With one big exception. He summarizes a memo his deputies wrote him in 1993, at a crucial time in his firm’s development. “Ray sometimes says or does things to employees which makes them feel incompetent, unnecessary, humiliated, over-whelmed, belittled, oppressed, or otherwise bad. The odds of this happening rise when Ray is under stress. At these times, his words and actions toward others create animosity toward him and leave a lasting impression. The impact of this is that people are demotivated rather than motivated.”
That part was clear. Indeed, it’s the most transparent part of a book which otherwise does not seem transparent. We get an idea of what it would be like to work for Ray Dalio, from his closest colleagues.
Here’s another idea I doubt billionaire philosopher king Ray Dalio is giving enough credit to. To the wealthy business owner, “speaking your truth,” “radical transparency,” and “leaning into conflict to address problems early” sound like great business bromides.
But I worked on Wall Street long enough to know that being on the receiving end of your boss “speaking his direct truth” involves spittle-flecked f-bombs, smashing telephones and telling subordinates what f-ing morons they are.
That is to say, radical transparency is experienced differently, depending on who’s giving it, and who’s receiving it. I do not believe – now I’m speaking realistically about a world of vastly unequal power dynamics at work, in politics, in society – that radical truthfulness works the way he says it does. Humans are not machines to be fixed in this way. Ray Dalio’s ability to deliver radical truth bombs will not be met by his subordinate’s equal ability to do the same. To think otherwise is to embrace a curious understanding of human nature.

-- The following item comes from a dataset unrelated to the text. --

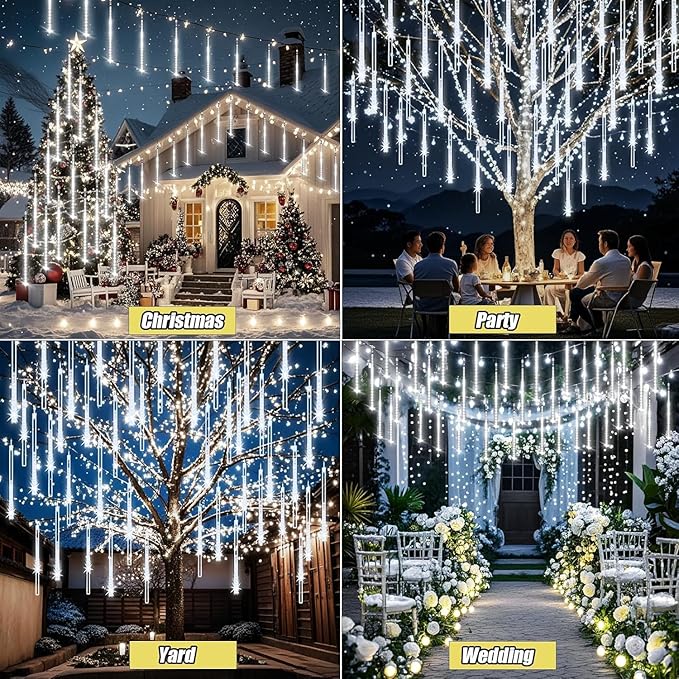 Christmas Lights Outdoor UL Certified 24 Tubes 576 LEDs (Equivalent to 3 Sets of 8 Tubes) Meteor Shower Light Falling Rain Drop Icicle Lights for Christmas Decorations Halloween Decor, White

The business press wrote a lot in 2017 about Bridgewater’s attempt to replace Dalio with the next generation of hedge fund leadership. It did not go well. I assume it did not go well because radical transparency between everybody is really weird. It’s not human. People who write about the corporate culture of Bridgewater usually say: This hedge fund is really, really weird.
The larger issue is our willingness to convey philosopher king status to people who – while conventionally successful in a capital-worshiping society – are not necessarily those who should be allowed to dictate the principles for our lives. People who we should not emulate. People who would create organizations and a society as a bizarre distillation of their personal identity fantasy.
I’m guessing that if I worked at Bridgewater and expressed these particular truths this particular way, I’d be sent to workplace Siberia for further study of Dalio’s little black book until I saw the truth, or I left the company.
Dalio’s Principles makes me think explicitly of Mao’s Little Red Book. We should always be afraid and skeptical of powerful people – in their own lifetimes – authoring books that purport to direct and optimize humanity.
Self-made billionaires get to write their “here’s how I built it” book, and that’s also fine. When we hold them up as our philosopher kings for shaping society and human relations, that’s when it’s not fine.
It is too soon to adopt Ray Dalio’s Principles as the bible for human relations. It is also too weird.
So let me be as radically transparent as I can be, Ray: You, your book, and your creepy Spock-inspired principles of rationality lack emotional intelligence.
A version of this post ran in the San Antonio Express News and Houston Chronicle.